Konsumen RI jadi 'Pemakan Utang' Penyebab Menjamurnya Fintech Ilegal
- Imarticus
VIVA – Mayoritas konsumen Indonesia yang berbelanja online memiliki kecenderungan sebagai 'pemakan utang'. Artinya, mereka belanja tidak sesuai kebutuhan dan hanya mengikuti hawa nafsu semata. Ini salah satu penyebab menjamurnya fintech ilegal.
Bahkan, Ketua Satgas Waspada Investasi Otoritas Jasa Keuangan, Tongam L. Tobing, mengakui sangat kewalahan membendung kehadiran fintech ilegal akibat segala kemudahan dan perkembangan teknologi informasi digital yang begitu pesat.
Sebagai informasi, data OJK mencatat hingga saat ini, ada sekitar 1.477 aplikasi fintech peer-to-peer lending ilegal.
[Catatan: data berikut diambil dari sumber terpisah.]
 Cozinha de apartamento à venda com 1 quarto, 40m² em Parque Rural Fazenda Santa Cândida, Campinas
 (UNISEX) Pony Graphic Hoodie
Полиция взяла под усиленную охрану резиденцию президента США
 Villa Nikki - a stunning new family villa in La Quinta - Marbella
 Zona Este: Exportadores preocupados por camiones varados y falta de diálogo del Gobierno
Sementara, jumlah fintech peer-to-peer lending yang legal dan sudah terdaftar di OJK saat ini diketahui hanya mencapai 127 aplikasi.
"Lalu yang tidak boleh dilupakan adalah masalah literasi, di mana kita harus akui bahwa sebagian masyarakat kita belum cukup mendapatkan literasi mengenai fintech peer-to-peer lending, sehingga hal tersebut masih butuh ditingkatkan," kata Tongam, seperti dikutip dari VIVAnews.
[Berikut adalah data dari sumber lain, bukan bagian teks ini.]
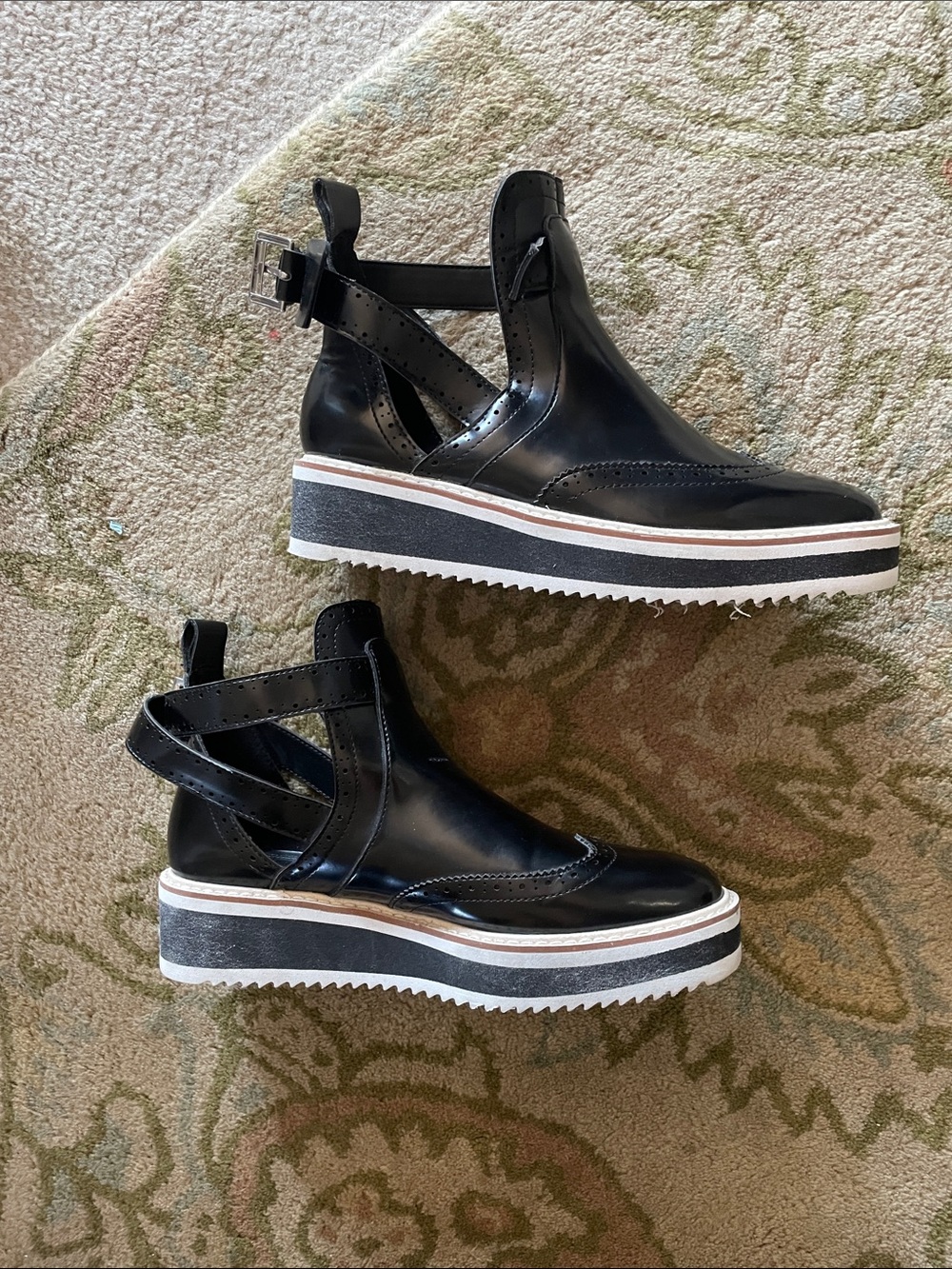 Zara Women’s Black Cutout wingtip platform buckle Ankle Shoes - Picture 7 of 8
Ia juga membeberkan modus penyebab kerap terjadinya masalah dalam mekanisme pinjam meminjam dana secara online, yang melibatkan fintech peer-to-peer lending, baik yang legal maupun ilegal.
"Masalahnya adalah kemudahan orang untuk membuat aplikasi saat ini. Satu aplikasi kita blokir hari ini, besok muncul lagi ribuan yang baru lainnya. Jadi pemerintah tidak bisa mendeteksi ya," jelas Tongam.
Ia bahkan mengaku bahwa pihaknya telah mencoba memecahkan masalah ini dengan memanggil pihak Google, dan menemukan keresahan yang sama terkait hal tersebut.
Tongam menceritakan, pihak Google hanya bisa membantu Satgas Waspada Investasi OJK dengan membuat satu kriteria, di mana semua aplikasi pinjaman online yang masuk di Play Store harus mempunyai Payback Period minimum 60 hari.
"Google sendiri tidak bisa melakukannya karena dalam satu hari bisa jutaan aplikasi baru. Apalagi itu semua open source, semua ditampung oleh Google," ujarnya.
Untuk itu, Tongam pun tak menyangkal bahwa salah satu masalah utamanya adalah kemajuan teknologi informasi yang begitu pesat, sehingga tidak mungkin suatu pihak bisa menghentikan masalah itu kecuali sudah terjadi.